At the VIU campus, the high population density of rabbits before the outbreak significantly increased transmission of the virus. In addition, on-campus feeding of rabbits drew them together which also intensified spread of the disease. Another contributing factor was the migration of turkey vultures, which are well-known scavengers. An interesting finding from the study was that surviving rabbits tended to be dark coloured, and the white, beige, and multi-coloured individuals disappeared. Some of the explanations posed for this result included: a possible genetic link between pelage colour and RHD; a “founder effect” where dark-coloured survivors preferentially contributed their genes to rebuilding the population; and/or selective predation on light-coloured rabbits as the population declined and predators actively sought out prey that stood out against a darker background. While the origin of the outbreak at VIU is unknown, it may have come from rabbits “dumped” on campus by pet owners or it may have resulted from rabbits accidentally transported into the area from elsewhere.

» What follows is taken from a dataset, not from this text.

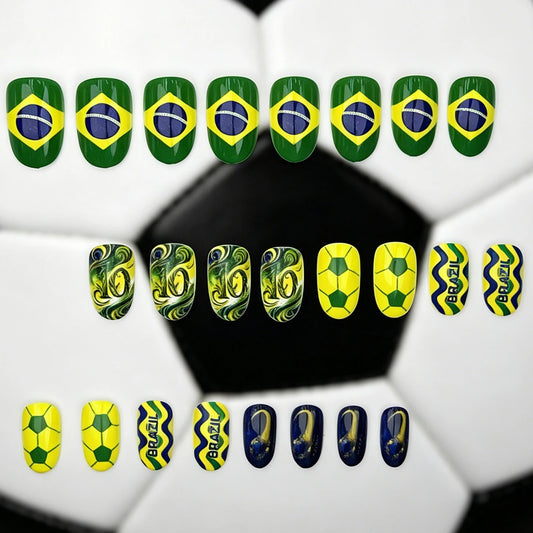 2026 Football Fan Press On Nails For World Cup Nail Soccer Match False Nails Short Almond 24Pcs Nail Art For Women Fans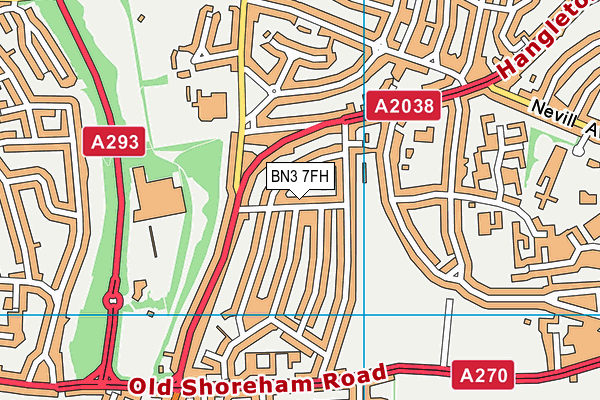 BN3 7FH map - OS VectorMap District (Ordnance Survey)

Throughout her presentation, Dr. Gillis emphasized the circumstances permitting this unique opportunity to detect and monitor the RHD outbreak on the VIU campus. As part of an ecology course, VIU students have been conducting mark-recapture exercises on the local rabbit population since 2009, providing excellent baseline data showing a steady increase in population size to January 2018 followed by a dramatic collapse in February and March of that year. An inquisitive student found the first dead rabbits and followed up with faculty to determine the probable cause of their demise. Staff from the VIU Health and Safety department and VIU Facilities participated in collecting carcasses and recording deaths, and a local veterinarian diagnosed the RHD virus responsible. This collaboration led to the early detection of the outbreak and the ability to quantify the disease’s immediate impact.